Outrageous First Dates: Verse Five

When I think about outrageous first dates, I invariably recall previous blind dates -- particularly the ones I’ve experienced which made me think the matchmaker was, in fact, blind.

Like well-meaning family friend Dorothy who set me up with her stepson. Dorothy said she was baffled by the fact that he was still single and I looked forward to meeting what sounded like a very eligible bachelor.

I had a feeling rumors of his charm were greatly exaggerated when he showed up to meet me wearing an old sweatshirt and thick gold chain. Call me crazy but appearance matters, especially on a first date.

Merchant's East: Trendy restaurant and lounge and site of an outrageous blind date

Over drinks at Merchant’s on the Upper East Side, Mr. Eligible proceeded to share his pet peeves about, well, everything, including life in New York.
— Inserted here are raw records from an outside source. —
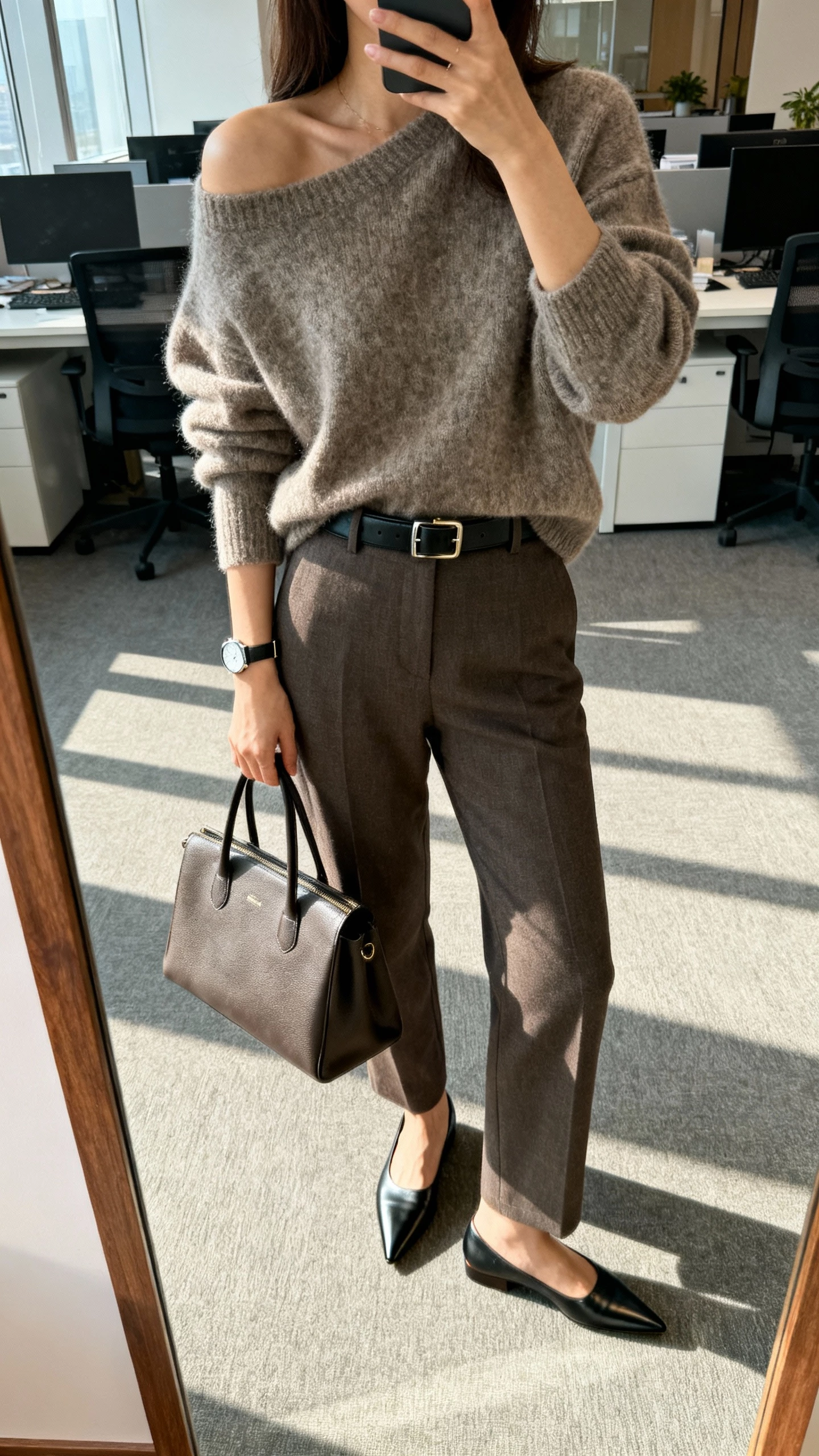 iPhone office mirror selfie of a woman wearing an oversized sweater tucked into tailored trousers, sleek belt, pointed loafers, minimalist watch, and structured tote, face not visible, shoulder-down crop, bright morning office light, natural iPhone photo quality.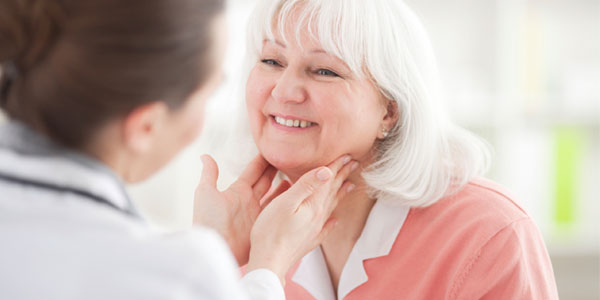 Doctor examining senior woman's neck
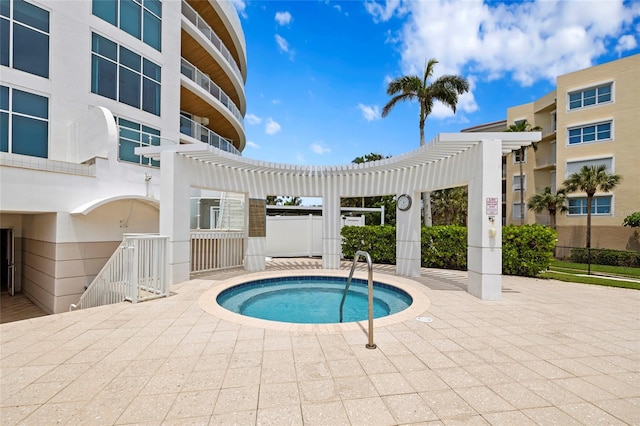 2251 Gulf Of Mexico Dr Unit 301, Longboat Key, FL 34228 - view of swimming pool featuring a pergola, a patio, and a community hot tub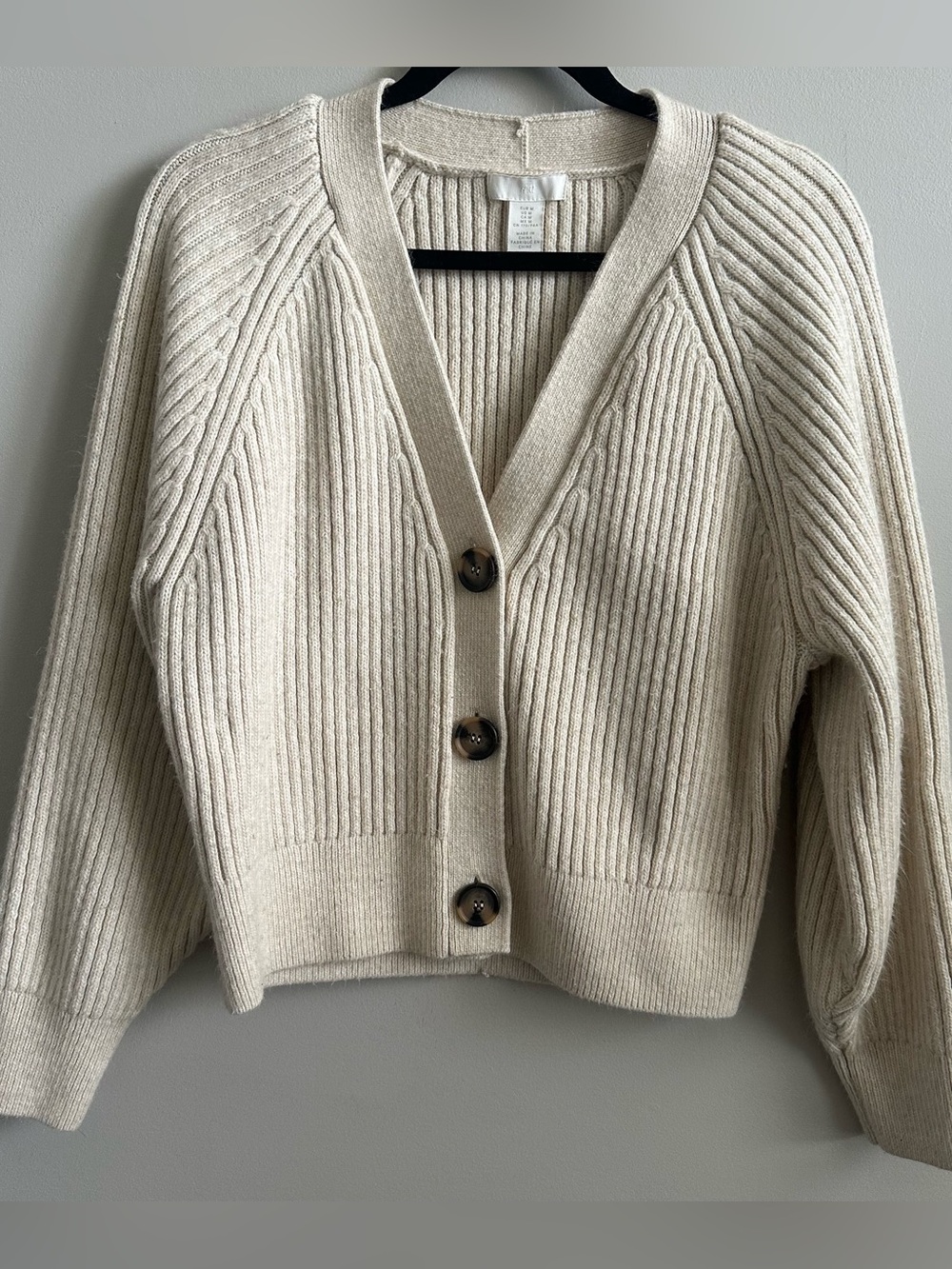 Cream ribbed knit cardigan from H&M featuring large tortoiseshell buttons.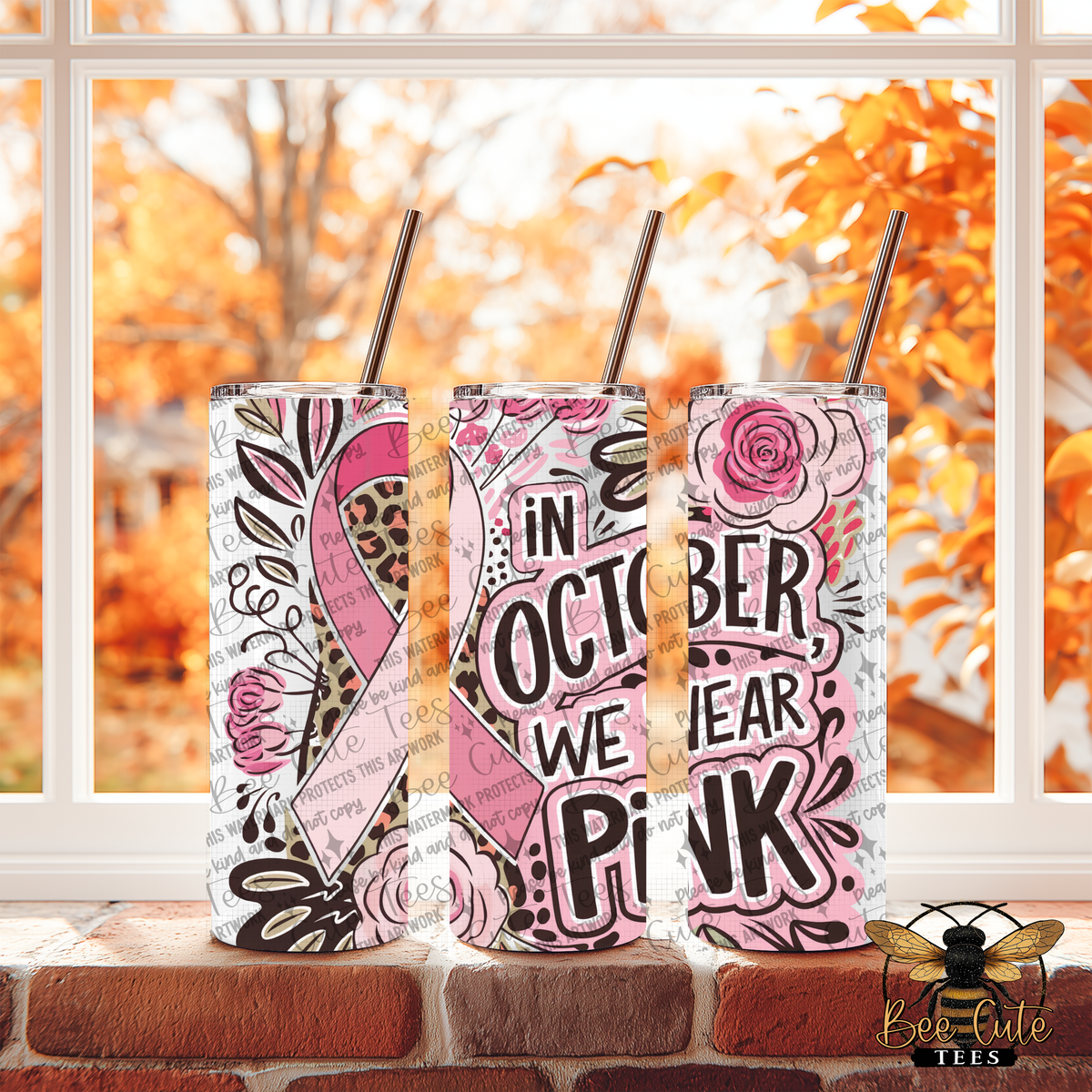 Three skinny tumblers with metal straws displayed on a brick windowsill, featuring pink and black autumn-themed designs including a pink ribbon, leopard print, and the text 'In October We Wear Pink'.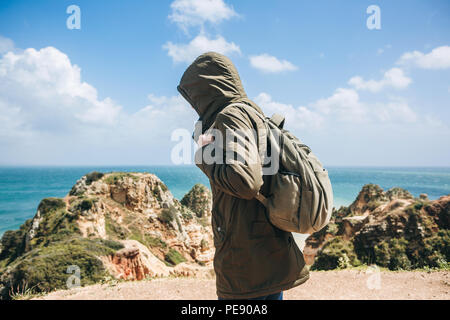 Eine junge Wanderer mit Rucksack Spaziergänge entlang der Atlantikküste in Portugal. Reise und Tourismus. Stockfoto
I couldn’t decide what was more unattractive, his attire or his attitude.

For my friend Louise, too much information took on a whole new meaning when a date casually mentioned he was a fan of erotic asphyxiation. He also revealed that he likes to choke sexual partners in the throes of passion without asking them first if they share his proclivity for it.

Talk about leaving a bad taste in your mouth.

Cleveland native Julie had her own brush with outrageous behavior on her first and only date with a guy she met online.

Boasting that he had a great coupon for the restaurant they went to, he instructed Julie on what she was allowed to order.

“He was very into it, trying to make sure that there was absolutely no expense for my meal,” she says. “I thought - jeez, I can pay for it if it's that big a deal.”

After dinner, Julie’s date shifted his attention from saving money to saving her soul. During the drive to a nearby watering hole, he put his hand on hers and asked if he could pray for her, saying aloud “God, bless this woman. She is young and in need of your guidance."

He then presented Julie with a CD of Christian music -- and a few other parting gifts.

“He pulled out his coupon book and started asking me, ‘would you use this Taco Bell coupon?’ ‘Do you eat at Arby's?’ and tearing out individual coupons and handing them to me,” she says. “He must have gone through the entire book before I finally pulled away.”

Which just proves that fast food, even under the guise of thriftiness, isn’t exactly first date fare. And that, when it comes to outrageous first dates, truth really is stranger than fiction.